Once the line holding "шт.) Radomir 1-65-2-0-2-035" is found in the entries below, restate it and each line after it word for word, with no pictures.

___ Data section ___

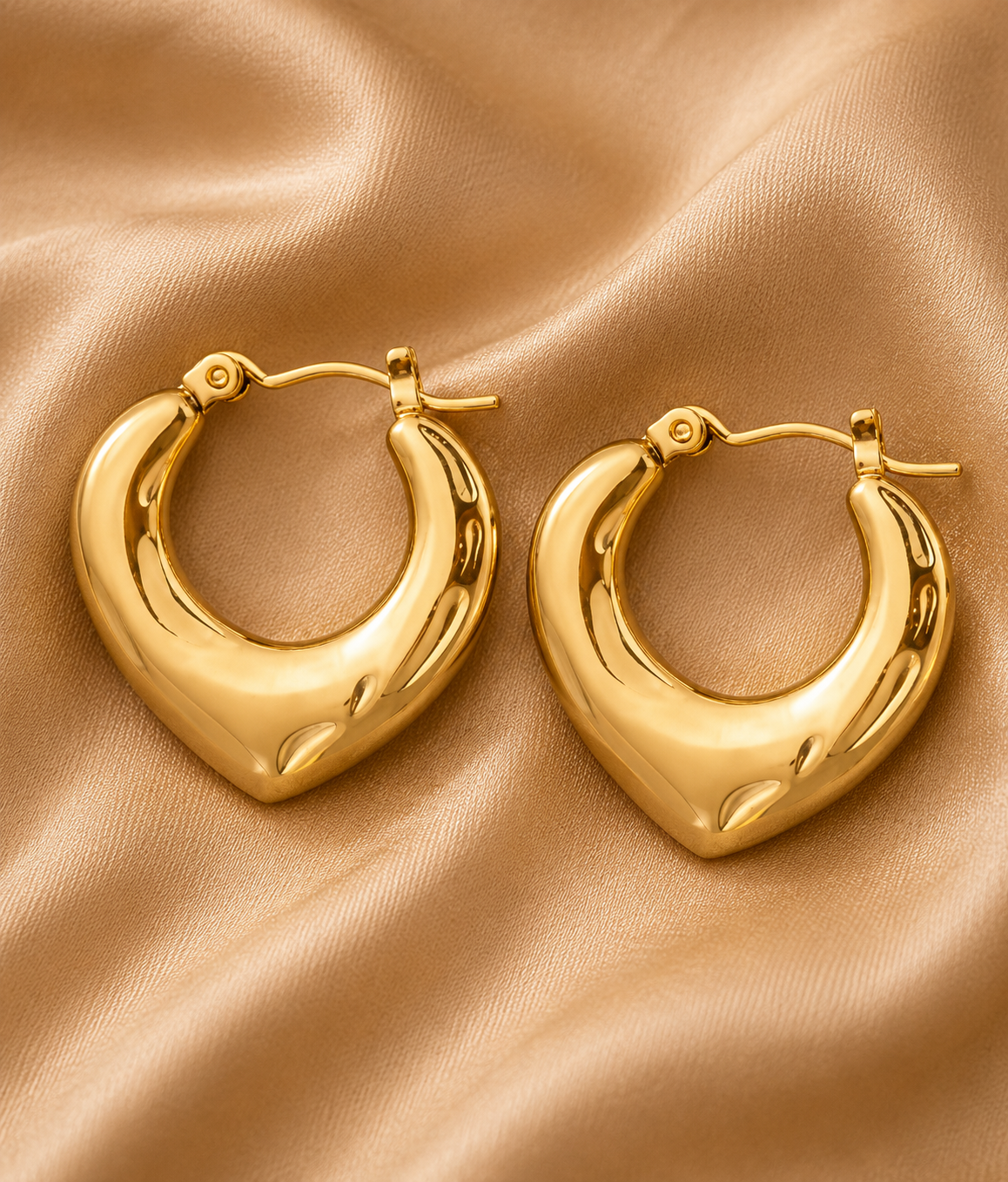 Waterproof Gold Heart Hoop Earrings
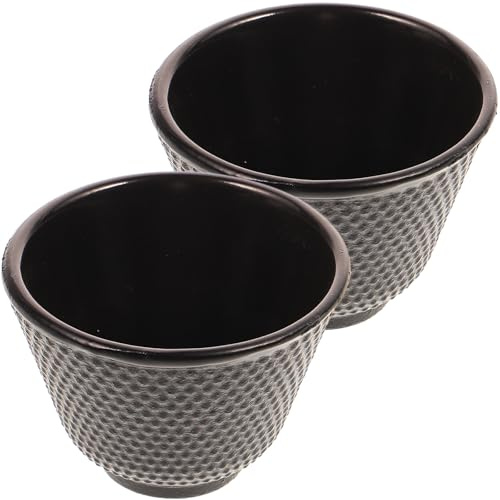 Milisten Lot de 2 Tasses à Thé en Fonte Rétro 150 Ml Résistantes aux Hautes Températures Service à Thé Kung Fu Tasse Décorative Maison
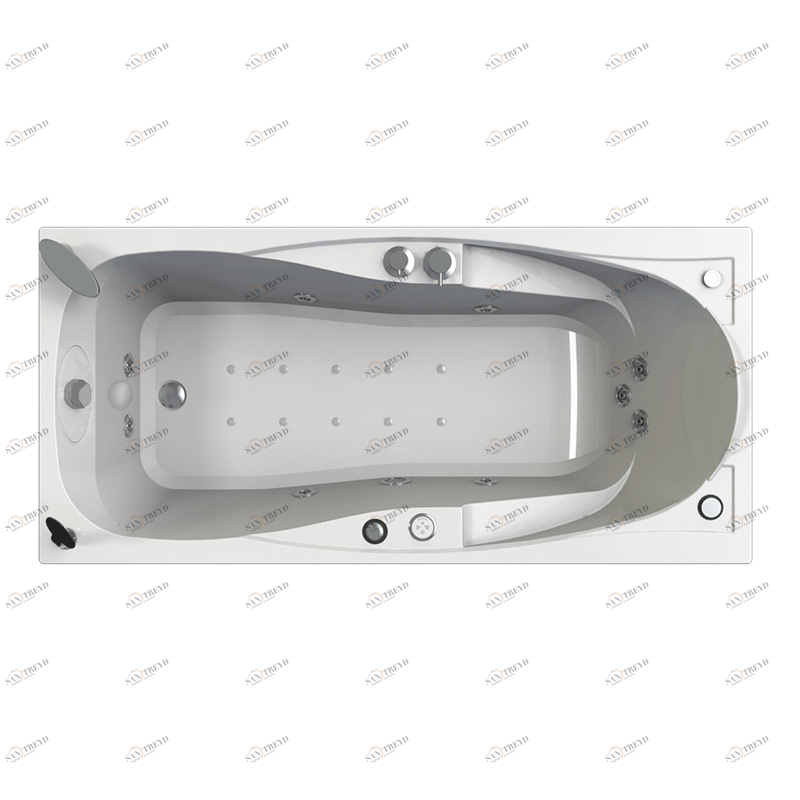 Гидромассаж "Лечебный Chrome" на ванну Парма-дона (двигатель 900 Вт, джет Джереми - 9 шт.) Radomir 1-65-2-0-2-035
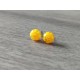 Boucles d'oreilles puce verre fusing millefiori jaune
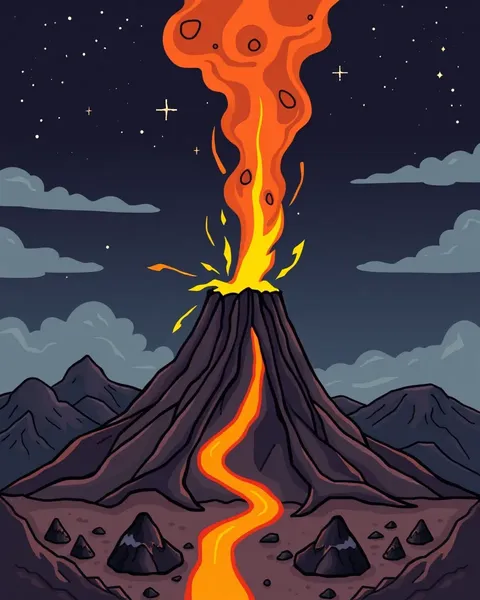 Volcanoes in Cartoon Pictures Form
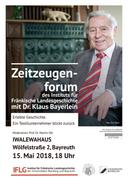 Veranstaltungsplakat zu einem Zeitzeugengespräch. Im Hintergrund sitzt ein älterer Herr mit roter Kravatte vor dem Kamin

___

Exercise output>
 Гидромассаж "Лечебный Chrome" на ванну Парма-дона (двигатель 900 Вт, джет Джереми - 9 шт.) Radomir 1-65-2-0-2-035
 Boucles d'oreilles puce verre fusing millefiori jaune
 Volcanoes in Cartoon Pictures Form
 Veranstaltungsplakat zu einem Zeitzeugengespräch. Im Hintergrund sitzt ein älterer Herr mit roter Kravatte vor dem Kamin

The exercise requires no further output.